Collected data
--*--

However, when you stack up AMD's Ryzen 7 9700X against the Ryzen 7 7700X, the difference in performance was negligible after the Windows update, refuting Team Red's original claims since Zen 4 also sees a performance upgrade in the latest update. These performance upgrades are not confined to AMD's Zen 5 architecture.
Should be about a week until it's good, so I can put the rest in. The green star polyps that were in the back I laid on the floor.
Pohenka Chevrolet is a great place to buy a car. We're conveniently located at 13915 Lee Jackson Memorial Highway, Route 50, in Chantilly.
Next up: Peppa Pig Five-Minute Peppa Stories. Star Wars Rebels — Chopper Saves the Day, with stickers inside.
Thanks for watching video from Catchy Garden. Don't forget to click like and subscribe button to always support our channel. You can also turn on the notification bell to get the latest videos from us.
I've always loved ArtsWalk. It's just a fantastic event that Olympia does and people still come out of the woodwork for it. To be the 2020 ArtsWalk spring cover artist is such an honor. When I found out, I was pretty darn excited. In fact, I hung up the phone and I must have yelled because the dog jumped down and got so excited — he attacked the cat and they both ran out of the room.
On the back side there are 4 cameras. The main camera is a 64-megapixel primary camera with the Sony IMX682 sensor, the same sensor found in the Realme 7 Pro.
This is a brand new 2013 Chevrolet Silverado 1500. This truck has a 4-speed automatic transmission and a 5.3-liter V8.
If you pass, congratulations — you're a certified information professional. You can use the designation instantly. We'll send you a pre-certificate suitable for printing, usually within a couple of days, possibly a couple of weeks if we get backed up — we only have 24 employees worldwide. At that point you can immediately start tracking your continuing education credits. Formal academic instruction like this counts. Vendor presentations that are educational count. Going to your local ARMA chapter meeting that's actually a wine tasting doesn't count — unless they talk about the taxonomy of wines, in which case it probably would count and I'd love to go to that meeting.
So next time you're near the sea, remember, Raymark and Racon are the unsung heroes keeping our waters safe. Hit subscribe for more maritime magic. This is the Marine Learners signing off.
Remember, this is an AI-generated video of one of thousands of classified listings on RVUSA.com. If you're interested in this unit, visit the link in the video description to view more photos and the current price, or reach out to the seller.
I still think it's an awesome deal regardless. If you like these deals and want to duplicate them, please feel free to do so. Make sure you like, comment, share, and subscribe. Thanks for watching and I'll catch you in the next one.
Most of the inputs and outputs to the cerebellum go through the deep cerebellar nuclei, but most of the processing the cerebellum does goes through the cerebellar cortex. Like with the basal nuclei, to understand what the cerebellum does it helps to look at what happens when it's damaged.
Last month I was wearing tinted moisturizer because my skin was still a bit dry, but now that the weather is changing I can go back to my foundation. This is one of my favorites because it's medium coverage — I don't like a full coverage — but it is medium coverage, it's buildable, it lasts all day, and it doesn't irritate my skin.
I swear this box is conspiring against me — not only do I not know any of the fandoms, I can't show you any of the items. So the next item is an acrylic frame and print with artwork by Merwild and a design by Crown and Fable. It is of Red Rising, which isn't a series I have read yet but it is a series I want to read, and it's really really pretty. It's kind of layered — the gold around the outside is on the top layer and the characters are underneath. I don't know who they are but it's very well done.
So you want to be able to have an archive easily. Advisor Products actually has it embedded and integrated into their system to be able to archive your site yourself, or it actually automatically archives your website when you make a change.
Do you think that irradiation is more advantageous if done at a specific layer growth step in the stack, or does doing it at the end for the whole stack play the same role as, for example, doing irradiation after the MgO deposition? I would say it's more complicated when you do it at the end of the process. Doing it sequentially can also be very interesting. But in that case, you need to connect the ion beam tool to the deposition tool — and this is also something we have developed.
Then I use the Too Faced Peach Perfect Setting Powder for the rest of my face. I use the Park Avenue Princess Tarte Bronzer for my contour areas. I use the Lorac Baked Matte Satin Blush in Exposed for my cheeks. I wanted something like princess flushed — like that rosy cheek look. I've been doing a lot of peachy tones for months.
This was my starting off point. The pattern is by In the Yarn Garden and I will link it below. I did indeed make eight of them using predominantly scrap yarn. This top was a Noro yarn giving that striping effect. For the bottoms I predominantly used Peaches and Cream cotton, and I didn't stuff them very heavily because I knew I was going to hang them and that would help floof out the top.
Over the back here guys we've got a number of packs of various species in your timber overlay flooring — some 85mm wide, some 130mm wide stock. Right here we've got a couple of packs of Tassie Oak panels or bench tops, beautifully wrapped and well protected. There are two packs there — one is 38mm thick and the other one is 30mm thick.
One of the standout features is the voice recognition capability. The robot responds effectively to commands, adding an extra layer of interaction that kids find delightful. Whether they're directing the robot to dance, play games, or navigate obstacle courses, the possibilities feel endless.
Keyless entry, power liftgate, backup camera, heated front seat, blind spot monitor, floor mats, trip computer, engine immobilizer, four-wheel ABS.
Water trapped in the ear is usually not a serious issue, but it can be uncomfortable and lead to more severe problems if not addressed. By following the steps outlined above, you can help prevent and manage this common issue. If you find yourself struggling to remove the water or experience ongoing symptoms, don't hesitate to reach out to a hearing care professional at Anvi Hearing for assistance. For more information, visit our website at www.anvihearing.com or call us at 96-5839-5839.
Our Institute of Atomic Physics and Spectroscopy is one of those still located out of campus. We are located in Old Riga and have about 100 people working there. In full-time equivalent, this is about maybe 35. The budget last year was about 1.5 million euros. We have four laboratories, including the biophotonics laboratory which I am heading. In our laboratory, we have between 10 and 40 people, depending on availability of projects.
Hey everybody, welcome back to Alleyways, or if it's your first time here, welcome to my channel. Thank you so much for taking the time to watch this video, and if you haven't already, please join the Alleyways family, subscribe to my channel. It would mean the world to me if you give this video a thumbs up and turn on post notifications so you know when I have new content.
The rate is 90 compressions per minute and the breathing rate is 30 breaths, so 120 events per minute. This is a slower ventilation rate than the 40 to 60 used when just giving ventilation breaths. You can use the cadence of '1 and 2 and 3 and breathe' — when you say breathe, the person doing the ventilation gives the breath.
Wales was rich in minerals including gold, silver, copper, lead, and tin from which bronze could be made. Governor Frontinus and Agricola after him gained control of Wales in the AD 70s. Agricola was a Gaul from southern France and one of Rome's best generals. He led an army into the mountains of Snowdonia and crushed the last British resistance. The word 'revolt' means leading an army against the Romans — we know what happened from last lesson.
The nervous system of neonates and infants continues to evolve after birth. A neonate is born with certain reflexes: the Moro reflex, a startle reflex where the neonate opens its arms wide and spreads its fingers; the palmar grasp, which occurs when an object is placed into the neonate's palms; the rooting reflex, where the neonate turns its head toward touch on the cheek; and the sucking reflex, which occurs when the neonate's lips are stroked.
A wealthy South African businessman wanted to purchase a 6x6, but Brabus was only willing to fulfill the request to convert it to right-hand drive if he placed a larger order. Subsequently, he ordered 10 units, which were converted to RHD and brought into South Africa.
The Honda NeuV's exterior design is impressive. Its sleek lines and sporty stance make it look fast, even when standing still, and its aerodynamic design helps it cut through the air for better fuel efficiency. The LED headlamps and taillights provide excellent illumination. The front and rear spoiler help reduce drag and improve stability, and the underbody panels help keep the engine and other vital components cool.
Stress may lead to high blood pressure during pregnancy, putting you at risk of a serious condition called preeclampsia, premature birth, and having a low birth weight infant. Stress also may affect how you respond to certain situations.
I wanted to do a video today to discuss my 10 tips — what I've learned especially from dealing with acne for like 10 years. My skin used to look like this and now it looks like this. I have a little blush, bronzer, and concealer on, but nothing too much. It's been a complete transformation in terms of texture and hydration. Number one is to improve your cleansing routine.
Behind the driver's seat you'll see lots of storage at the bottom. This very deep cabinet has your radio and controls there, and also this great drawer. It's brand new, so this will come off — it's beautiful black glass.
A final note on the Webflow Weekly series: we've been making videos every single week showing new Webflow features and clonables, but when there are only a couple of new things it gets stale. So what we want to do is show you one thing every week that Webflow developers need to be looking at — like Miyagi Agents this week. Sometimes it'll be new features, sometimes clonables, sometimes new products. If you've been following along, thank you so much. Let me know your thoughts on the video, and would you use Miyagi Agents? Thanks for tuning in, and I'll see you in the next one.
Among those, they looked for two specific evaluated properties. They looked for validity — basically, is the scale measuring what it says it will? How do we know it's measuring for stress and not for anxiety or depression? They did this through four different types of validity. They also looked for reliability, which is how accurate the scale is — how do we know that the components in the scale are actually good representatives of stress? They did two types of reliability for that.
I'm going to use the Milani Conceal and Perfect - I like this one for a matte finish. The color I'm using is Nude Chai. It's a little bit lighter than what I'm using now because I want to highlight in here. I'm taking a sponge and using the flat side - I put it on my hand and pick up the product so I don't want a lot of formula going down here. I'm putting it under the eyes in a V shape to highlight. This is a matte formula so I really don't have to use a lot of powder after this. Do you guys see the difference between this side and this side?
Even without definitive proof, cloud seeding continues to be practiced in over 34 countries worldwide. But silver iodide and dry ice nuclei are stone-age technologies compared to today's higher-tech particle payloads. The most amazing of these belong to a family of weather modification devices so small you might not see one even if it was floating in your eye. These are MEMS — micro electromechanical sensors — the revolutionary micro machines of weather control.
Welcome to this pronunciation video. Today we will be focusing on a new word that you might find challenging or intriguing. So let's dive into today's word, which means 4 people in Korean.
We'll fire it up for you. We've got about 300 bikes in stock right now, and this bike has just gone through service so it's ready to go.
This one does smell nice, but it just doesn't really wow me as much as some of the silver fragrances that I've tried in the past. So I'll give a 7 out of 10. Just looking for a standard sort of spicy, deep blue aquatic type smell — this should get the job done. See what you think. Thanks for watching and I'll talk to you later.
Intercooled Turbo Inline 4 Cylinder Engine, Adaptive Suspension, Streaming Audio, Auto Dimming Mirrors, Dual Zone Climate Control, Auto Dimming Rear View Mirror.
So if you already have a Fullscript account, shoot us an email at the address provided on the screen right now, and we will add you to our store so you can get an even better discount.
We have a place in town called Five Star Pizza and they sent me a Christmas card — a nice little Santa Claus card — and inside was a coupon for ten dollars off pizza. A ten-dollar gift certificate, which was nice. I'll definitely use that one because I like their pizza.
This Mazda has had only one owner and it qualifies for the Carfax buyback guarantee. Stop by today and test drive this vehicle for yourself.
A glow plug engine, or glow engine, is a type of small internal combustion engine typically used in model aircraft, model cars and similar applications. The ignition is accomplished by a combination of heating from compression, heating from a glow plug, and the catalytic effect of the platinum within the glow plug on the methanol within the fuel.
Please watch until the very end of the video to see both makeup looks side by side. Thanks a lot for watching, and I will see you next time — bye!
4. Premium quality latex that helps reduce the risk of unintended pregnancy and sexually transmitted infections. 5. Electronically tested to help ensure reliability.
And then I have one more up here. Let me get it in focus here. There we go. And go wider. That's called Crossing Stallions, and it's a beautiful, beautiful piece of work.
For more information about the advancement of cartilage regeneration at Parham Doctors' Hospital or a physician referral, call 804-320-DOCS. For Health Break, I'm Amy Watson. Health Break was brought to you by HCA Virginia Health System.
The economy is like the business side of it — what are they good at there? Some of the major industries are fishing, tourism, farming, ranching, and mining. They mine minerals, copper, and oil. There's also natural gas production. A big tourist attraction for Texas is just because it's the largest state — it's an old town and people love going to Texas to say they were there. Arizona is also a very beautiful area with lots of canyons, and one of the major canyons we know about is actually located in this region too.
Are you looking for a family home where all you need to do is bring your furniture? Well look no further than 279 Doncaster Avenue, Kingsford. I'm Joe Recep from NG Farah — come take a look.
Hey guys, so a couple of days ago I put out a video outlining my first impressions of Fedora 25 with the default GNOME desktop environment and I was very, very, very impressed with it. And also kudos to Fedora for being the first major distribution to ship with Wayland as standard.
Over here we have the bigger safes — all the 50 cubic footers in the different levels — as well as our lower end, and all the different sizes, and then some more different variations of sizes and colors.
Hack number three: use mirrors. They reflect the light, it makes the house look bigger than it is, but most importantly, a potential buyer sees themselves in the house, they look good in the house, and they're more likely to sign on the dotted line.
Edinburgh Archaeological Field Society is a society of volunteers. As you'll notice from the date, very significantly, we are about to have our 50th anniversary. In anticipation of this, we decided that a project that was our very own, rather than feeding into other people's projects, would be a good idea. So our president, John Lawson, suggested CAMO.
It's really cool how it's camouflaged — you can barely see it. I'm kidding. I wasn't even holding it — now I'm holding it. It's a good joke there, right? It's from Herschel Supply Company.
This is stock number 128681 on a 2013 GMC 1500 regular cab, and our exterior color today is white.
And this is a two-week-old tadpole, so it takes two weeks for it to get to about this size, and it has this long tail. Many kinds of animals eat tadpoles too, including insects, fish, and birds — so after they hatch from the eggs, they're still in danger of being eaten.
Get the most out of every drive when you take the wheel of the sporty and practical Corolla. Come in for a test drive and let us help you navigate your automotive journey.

--*--

**Brief:**
In the entries above, restate word for word the lines between the one holding "Next up: Peppa" and the one holding "This is a brand", inclusive, and nothing besides.

**Task result:**
Next up: Peppa Pig Five-Minute Peppa Stories. Star Wars Rebels — Chopper Saves the Day, with stickers inside.
Thanks for watching video from Catchy Garden. Don't forget to click like and subscribe button to always support our channel. You can also turn on the notification bell to get the latest videos from us.
I've always loved ArtsWalk. It's just a fantastic event that Olympia does and people still come out of the woodwork for it. To be the 2020 ArtsWalk spring cover artist is such an honor. When I found out, I was pretty darn excited. In fact, I hung up the phone and I must have yelled because the dog jumped down and got so excited — he attacked the cat and they both ran out of the room.
On the back side there are 4 cameras. The main camera is a 64-megapixel primary camera with the Sony IMX682 sensor, the same sensor found in the Realme 7 Pro.
This is a brand new 2013 Chevrolet Silverado 1500. This truck has a 4-speed automatic transmission and a 5.3-liter V8.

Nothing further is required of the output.